## THE DATA
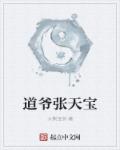 道爷张天宝章节列表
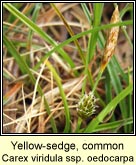 yellow-sedge,common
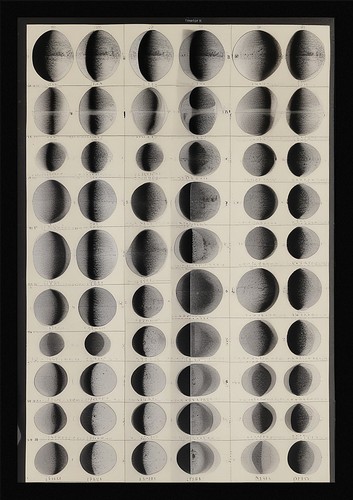 Poster arte parete - poster,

## WORK INSTRUCTIONS
The data above, line by line: transcribe it exactly and drop the pictures.

## RESULT FOR THIS TASK
 道爷张天宝章节列表
 yellow-sedge,common
 Poster arte parete - poster,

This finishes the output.